# Does a Mini still require a 4 tuner Tivo



## NYHeel (Oct 7, 2003)

The thread title says it all. I have 2 old 2 tuner premiere boxes (non-lifetime) in my house collecting dust and my brother-in law may want one but he would also want to use a Mini with it. With dynamic tuner allocation now active, can the Mini be used without being connected to a 4 tuner Tivo?


----------



## jrtroo (Feb 4, 2008)

no. 

Try and get $99 lifetime and then sell them to defray the costs to upgrade.


----------



## CoxInPHX (Jan 14, 2011)

NYHeel said:


> Does a Mini still require a 4 tuner Tivo


Yes



NYHeel said:


> can the Mini be used without being connected to a 4 tuner Tivo?


No


----------



## aaronwt (Jan 31, 2002)

NYHeel said:


> The thread title says it all. I have 2 old 2 tuner premiere boxes (non-lifetime) in my house collecting dust and my brother-in law may want one but he would also want to use a Mini with it. With dynamic tuner allocation now active, can the Mini be used without being connected to a 4 tuner Tivo?

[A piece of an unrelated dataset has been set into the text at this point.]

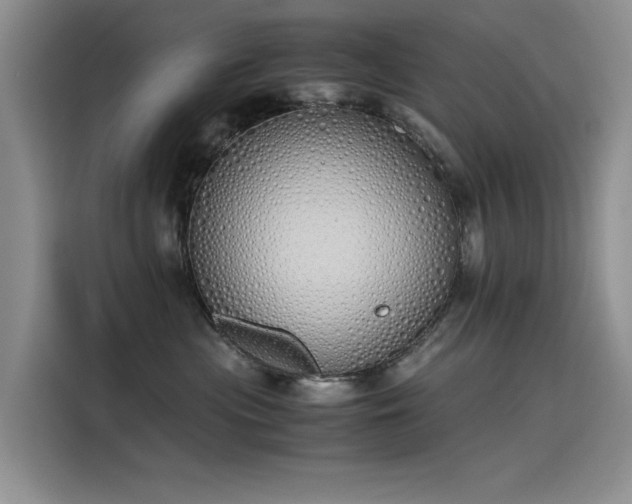 X0000115620477200911171319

yes, a four tuner or larger TiVo is still required to be a host for the Mini. But once the Mini is setup with the host, it is then also able to stream content from other TiVos on your account, on the network. Which includes the two tuner Premieres.


----------



## slowbiscuit (Sep 19, 2006)

Did anyone ever find out if it would still keep working with a 2-tuner box (only) if the paired 4-tuner is sold or taken out of service? Just for streamed recordings of course.


----------



## CoxInPHX (Jan 14, 2011)

slowbiscuit said:


> Did anyone ever find out if it would still keep working with a 2-tuner box (only) if the paired 4-tuner is sold or taken out of service? Just for streamed recordings of course.


I took a Mini to my sisters home, she only has a 2 Tuner Premiere that is on my same account, and it worked fine all day and into the late evening.

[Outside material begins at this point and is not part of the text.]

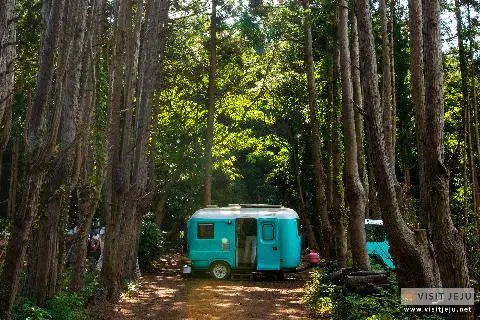더 유명해지기 전에 꼭 가봐야 할 <TV 속 명소> 대표이미지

It was constantly complaining that it could not find the Host DVR though.

It would only play recordings, and could not access the Guide or Set-up recordings or SPs or To Do List. I connected several times to the TiVo service and it still worked. I don't know if long term it would work. I am just guessing that it might eventually realize it was not on the same network, but maybe not???


----------



## slowbiscuit (Sep 19, 2006)

Yeah that's always been the question, does it time out after some interval and refuse to do anything without the paired host. But given the limitations you describe it would be a poor experience in any case.

Thanks for the data point.


----------